Got phantom station with 40% off. Grab em' while there hot cause after a while they will go on a 25% off sale and all coupons will be void(40% off)


----------



## melissa (Jul 23, 2004)

shadowlord said:


> Got phantom station with 40% off. Grab em' while there hot cause after a while they will go on a 25% off sale and all coupons will be void(40% off)


That was the justification I used for buying the Apothecary!


----------



## VNOMISS (Jul 16, 2008)

halloweenrocks08 said:


> Isen't that ripping them off lol.


Ummm... no not when I over payed for the items to begin with. So who's ripping who realistically?  Especially when they put it on sale within the allowed time I have to return/get a refund for the items...it's actually price adjusting..and last year the sales associates were more then happy to do it for me. Believe me when I say this they have made hundreds off of me...God forbid they actually issue a 40% or 50% coupon in the paper or online when the stuff isn't already on sale, since you can only use they're coupns on regular priced merchandise...they usually have Spooky Town at like 10%-25% off so you can't use the coupon.


----------



## Lady Nyxie (Jul 27, 2006)

Pumpkinprincess said:


> Please share it!


Was that a request to share my approximates dates list?
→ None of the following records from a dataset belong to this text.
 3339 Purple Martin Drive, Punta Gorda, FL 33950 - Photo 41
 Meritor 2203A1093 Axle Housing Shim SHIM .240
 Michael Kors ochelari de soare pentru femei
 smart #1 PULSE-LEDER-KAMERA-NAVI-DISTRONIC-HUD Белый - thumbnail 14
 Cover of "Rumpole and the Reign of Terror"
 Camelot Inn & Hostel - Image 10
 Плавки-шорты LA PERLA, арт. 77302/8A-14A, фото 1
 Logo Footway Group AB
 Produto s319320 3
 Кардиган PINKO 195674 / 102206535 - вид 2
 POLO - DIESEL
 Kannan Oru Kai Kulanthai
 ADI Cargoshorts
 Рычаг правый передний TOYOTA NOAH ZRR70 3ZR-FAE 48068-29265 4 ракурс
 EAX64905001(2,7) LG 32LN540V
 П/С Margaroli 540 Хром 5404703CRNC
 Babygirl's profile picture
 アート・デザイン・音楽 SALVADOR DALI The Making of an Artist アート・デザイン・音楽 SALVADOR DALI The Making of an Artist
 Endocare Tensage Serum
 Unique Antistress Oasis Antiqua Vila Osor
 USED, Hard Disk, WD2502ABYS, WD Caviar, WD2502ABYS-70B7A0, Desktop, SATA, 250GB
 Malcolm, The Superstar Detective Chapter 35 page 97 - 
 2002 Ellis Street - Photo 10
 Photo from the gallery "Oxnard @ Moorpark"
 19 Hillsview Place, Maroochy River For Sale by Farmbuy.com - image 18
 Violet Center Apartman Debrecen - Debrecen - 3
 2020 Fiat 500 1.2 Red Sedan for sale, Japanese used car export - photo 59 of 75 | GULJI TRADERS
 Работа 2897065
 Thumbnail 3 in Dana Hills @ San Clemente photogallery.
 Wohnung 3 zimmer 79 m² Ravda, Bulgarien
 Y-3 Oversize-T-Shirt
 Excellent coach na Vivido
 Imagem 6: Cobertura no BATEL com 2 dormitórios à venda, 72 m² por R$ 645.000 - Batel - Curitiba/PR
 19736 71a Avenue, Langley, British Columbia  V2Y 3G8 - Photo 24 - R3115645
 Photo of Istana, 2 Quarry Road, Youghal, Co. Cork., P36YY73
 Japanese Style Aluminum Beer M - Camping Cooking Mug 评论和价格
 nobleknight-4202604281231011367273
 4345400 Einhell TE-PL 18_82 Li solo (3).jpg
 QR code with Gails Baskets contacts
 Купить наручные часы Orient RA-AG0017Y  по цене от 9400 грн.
Sorry, a little behind on checking out the forums.


----------



## Lady Nyxie (Jul 27, 2006)

I will go tonight to exchange 4 buildings that aren't working to my satisfaction. At that time, I will be picking up the last of the small figurines.

During the first week and a half of the stuff being out I was able to obtain everything large and even medium sized at 50% and then 40% off. It took tons of time, but I did it. The only things left to buy cost 4.99 or less and now I have a coupon for 40% off one item from Joann's (Michael's accepts competitors coupons) and a 20% off your entire order coupon. 

Considering how much they upped thier prices this year... they deserve it. 

From Michael's I have: some of the 2004 set, all of the 2005, 2006, 2007 and soon to be 2008 sets.


----------



## VNOMISS (Jul 16, 2008)

Lady Nyxie said:


> Considering how much they upped thier prices this year... they deserve it.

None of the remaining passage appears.